If you are a Warrior in the workplace, you care more about getting things done than your popularity level in the company.  But unfortunately, there are seldom enough Warriors in the workplace, and a high percentage of non-Warrior managers prefer to “run a community” as opposed to “run a business”. 

Of course, there are exceptions -  ”community companies” that operate efficiently, but they are almost always small, frequently family-run organizations that have made the choice for a variety of different reasons.  A high performance company must operate like a company.

In a community, everyone has their say.  Decisions are made by consensus, and the community leaders are dependent on the community members to maintain their status, so they are careful to be inclusive and not offend anyone.  Community members are typically only ejected from the community for really heinous behaviour.  Community leaders will often choose not to make the tough choices for fear of alienating the community. 
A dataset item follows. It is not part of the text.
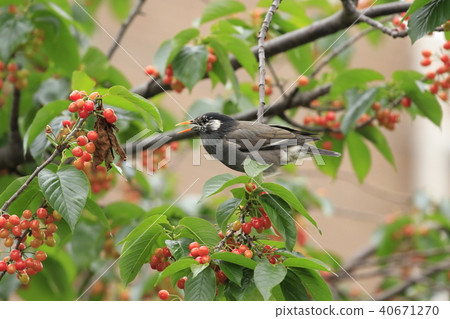 椋鳥吃櫻桃 椋鳥吃櫻桃 40671270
A successful business almost never operates this way.  Decisions in a business are made by Warriors or teams of Warriors and trusted advisors, and are based on what is best for the business, not what would make them the most popular with the employees.  Managing by consensus or by popularity contest does not work in a business.  Certainly a successful business should have an industry-appropriate culture that fosters talent, and encourages success and innovation, but maintaining that kind of culture also requires tough standards. Good managers understand that they can’t be friends with everyone in their department, and holding people to standards (and firing those that can’t perform) is their duty as the manager.  Otherwise they foster mediocrity, which threatens the entire company.

Communities are great places to live, but I would not want to work there.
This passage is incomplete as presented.